Depuis plus de deux siècles, voter au Québec est un droit fondamental de tout citoyen admissible. En 1791, l’Acte constitutionnel, qui divise la province de Québec en Bas-Canada et Haut-Canada, introduit également le parlementarisme britannique. Dès le printemps suivant, la première campagne électorale est en marche.

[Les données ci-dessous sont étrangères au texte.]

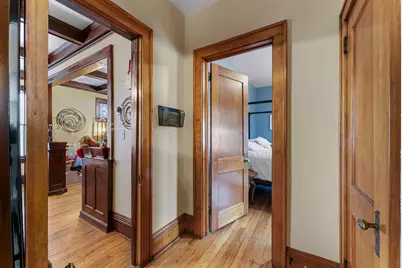 1042 16th Avenue SE, Minneapolis, MN 55414 - Photo 10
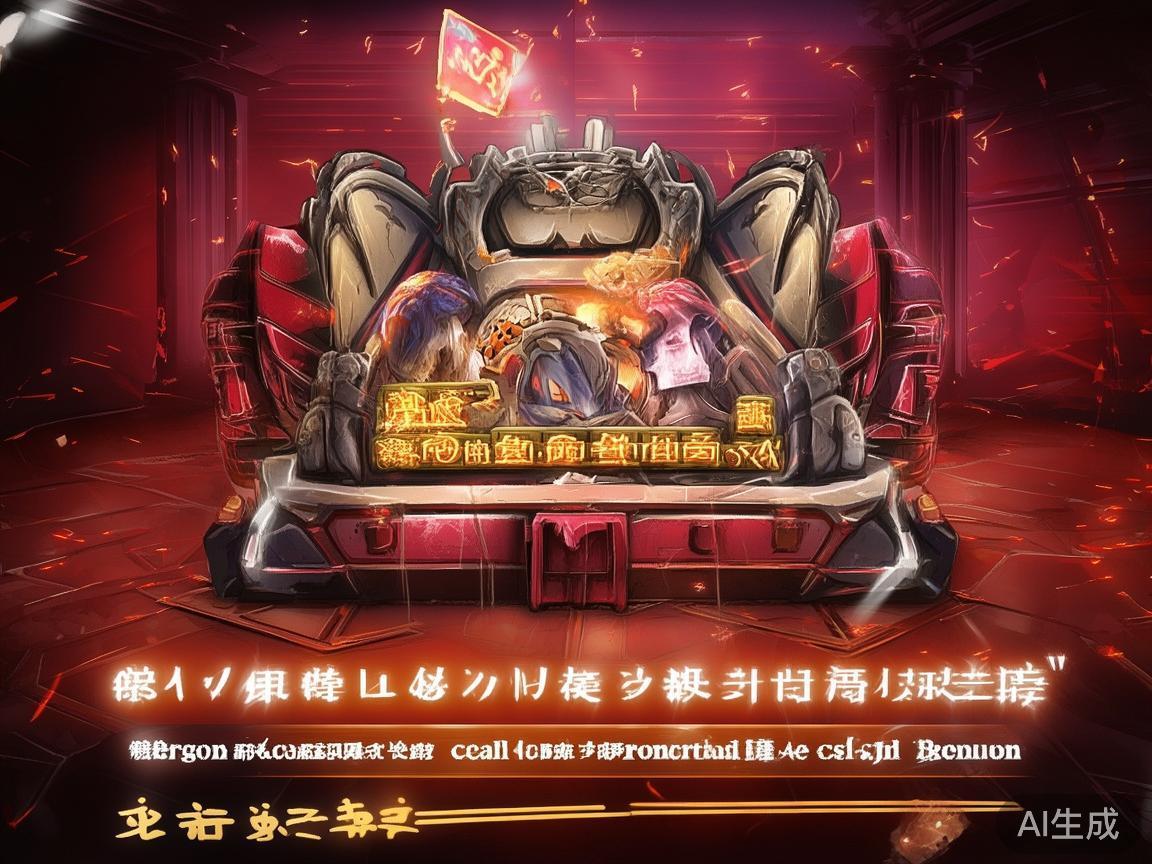 时光棋牌官方版51n最新活动福利完整版攻略与领取方法详解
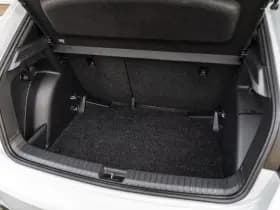 Škoda Fabia thumbnail 19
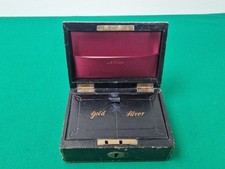 Money Boxes for sale Money Boxes for sale LEOMINSTER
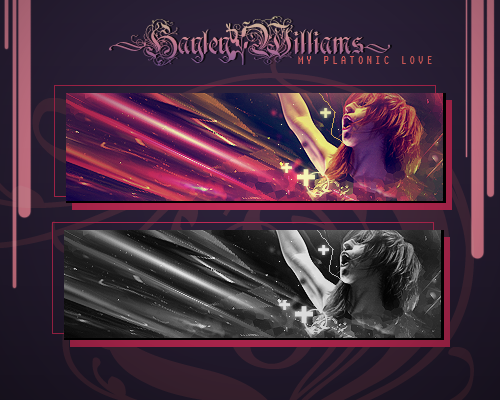 Hayley_Williams_Tribute_by_InzaneCircuz.png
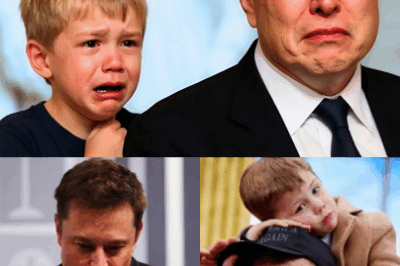 Recovery Update: X Æ A-Xii, the 5-year-old son of Elon Musk, has beaten a serious illness that had fans worried earlier this year.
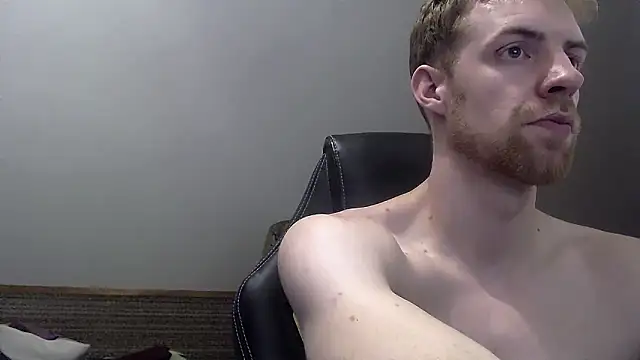 Milkyman7 online show from June 2026 10:47:01 PM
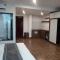 LS HOTEl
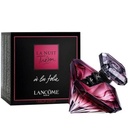 لانكوم لا نوى ترىزور لا فولى Lancome La Nuit Tresor a la folie W-EDP (75ml)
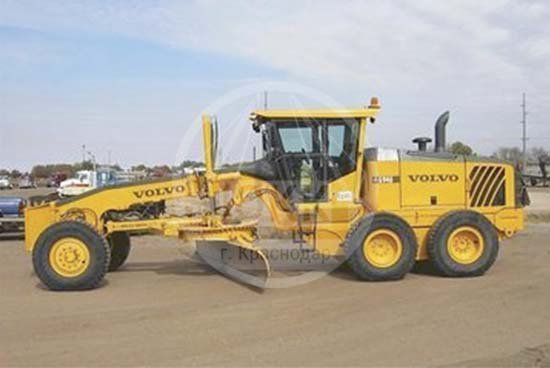 motor-graders-2.jpg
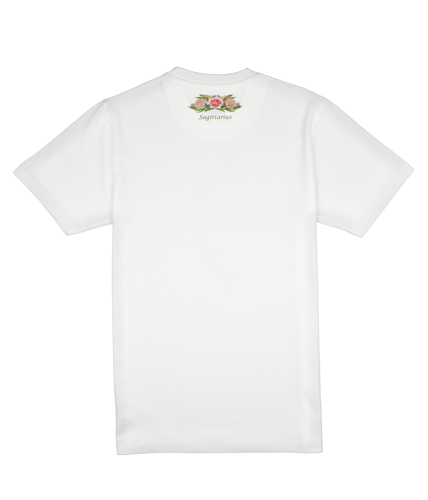 Sagittarius T-shirt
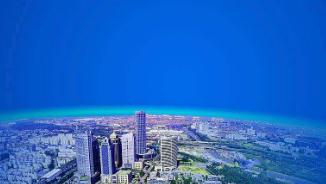 外資企業分公司注冊有什么條件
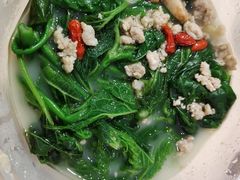 -羽鸽集·乳鸽专门店·地道顺德菜(岭南站店)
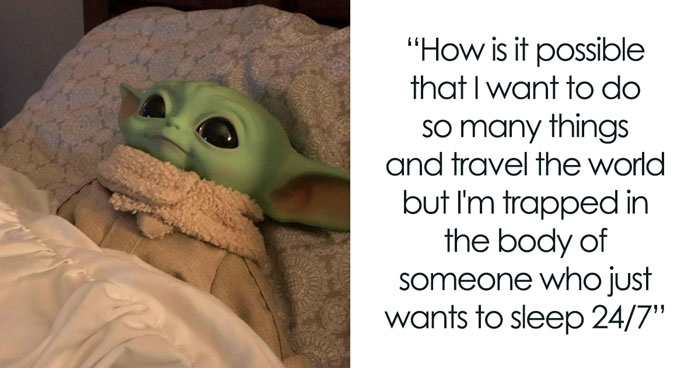 38 Vacation Memes That Are Almost As Good As A Getaway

En 1792, pour avoir droit de vote, un électeur doit avoir 21 ans ou plus et être sujet britannique. Le cens électoral fixé par la loi doit également être satisfait, c’est-à-dire que l’électeur doit être propriétaire de biens ruraux produisant un revenu annuel de 40 shillings sterling en plus des redevances ou d’une habitation en ville qui assure un revenu de 5 livres sterling. Le locataire urbain ayant payé au cours des 12 derniers mois un loyer au taux minimum de 10 livres sterling est également admissible. Selon les dispositions de la loi, chaque district électoral dispose d’un ou deux sièges et doit donc élire un nombre de députés conséquent. C’est pourquoi une personne peut être amenée à voter plus d’une fois. Le vote se fait à main levée, en public. Un officier rapporteur doit s’assurer de la bonne marche de l’élection. Le vote n’a pas lieu à la même date dans tous les comtés et les élections durent plusieurs semaines. Aucune liste électorale n’existe.

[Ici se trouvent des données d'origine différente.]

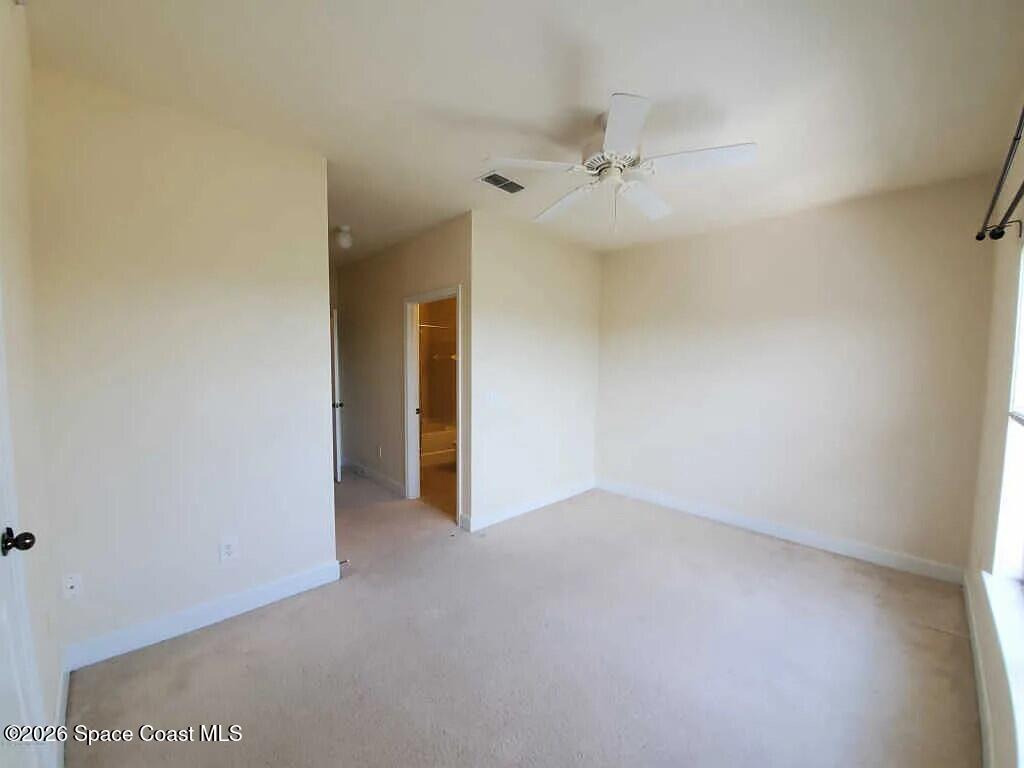 6470 Borasco Drive 3108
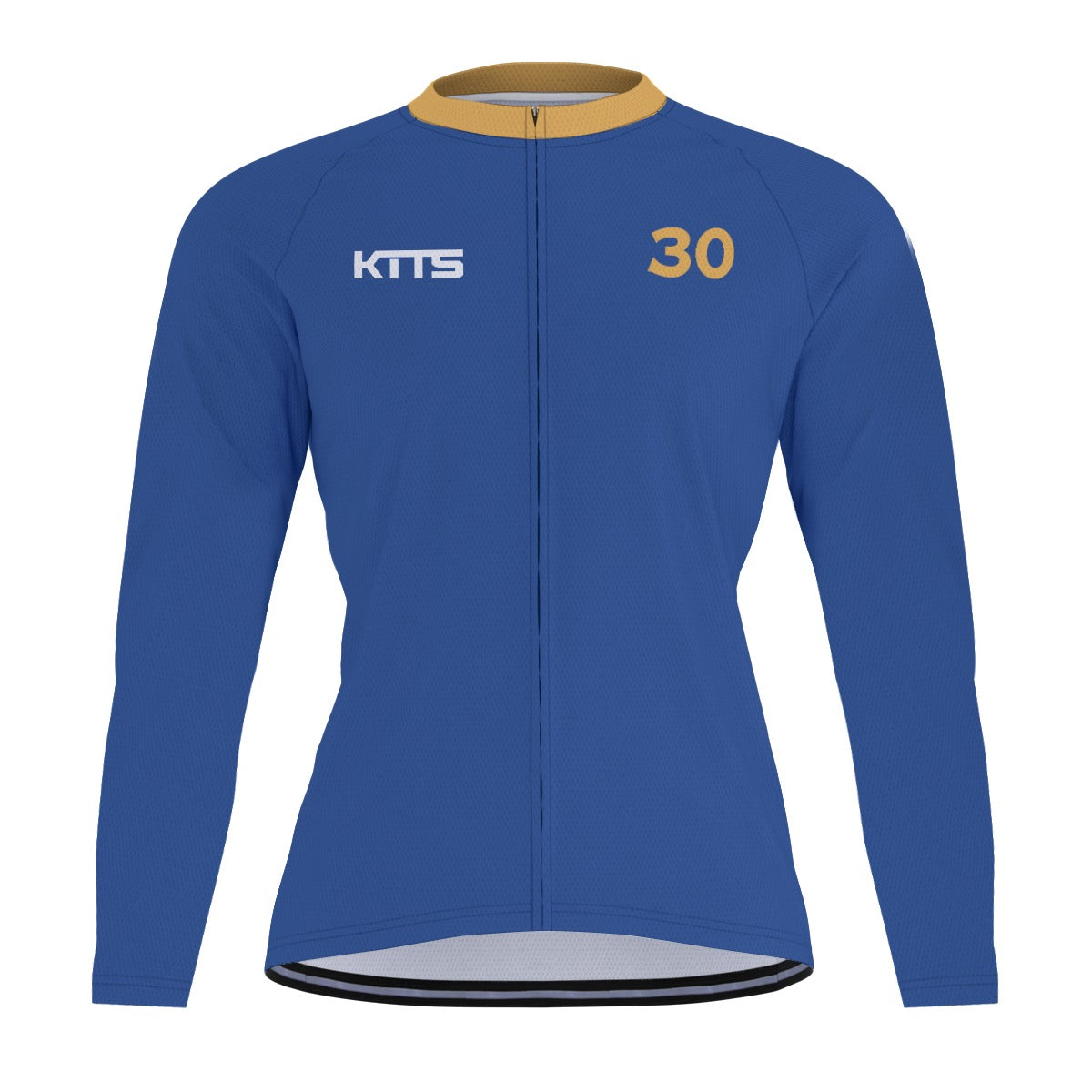 ADS-3MYYQX06-N3GPZ-FFFFFF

1. Les cahiers de scrutin (1800-1874)
Ce n’est qu’en 1800 qu’une véritable loi électorale définit clairement le déroulement des élections et les circonstances où la rédaction d’un cahier ou registre de scrutin est nécessaire.
Le scrutin a lieu de 8 h à 18 h et dure un maximum de quatre jours; s’il s’écoule plus d’une heure sans qu’un électeur se présente, l’officier rapporteur, à la demande de trois électeurs, peut fermer le bureau de vote et déclarer l’élection terminée.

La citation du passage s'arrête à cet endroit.